EXERCISE DETAILS:
Starting with the first line, transcribe the material exactly through to the last.

MATERIAL PROVIDED:
# # # # # # #

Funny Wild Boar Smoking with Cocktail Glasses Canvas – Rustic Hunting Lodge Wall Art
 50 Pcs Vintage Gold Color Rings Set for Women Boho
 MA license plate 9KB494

# # # # # # #

EXERCISE RESULT:
Funny Wild Boar Smoking with Cocktail Glasses Canvas – Rustic Hunting Lodge Wall Art
 50 Pcs Vintage Gold Color Rings Set for Women Boho
 MA license plate 9KB494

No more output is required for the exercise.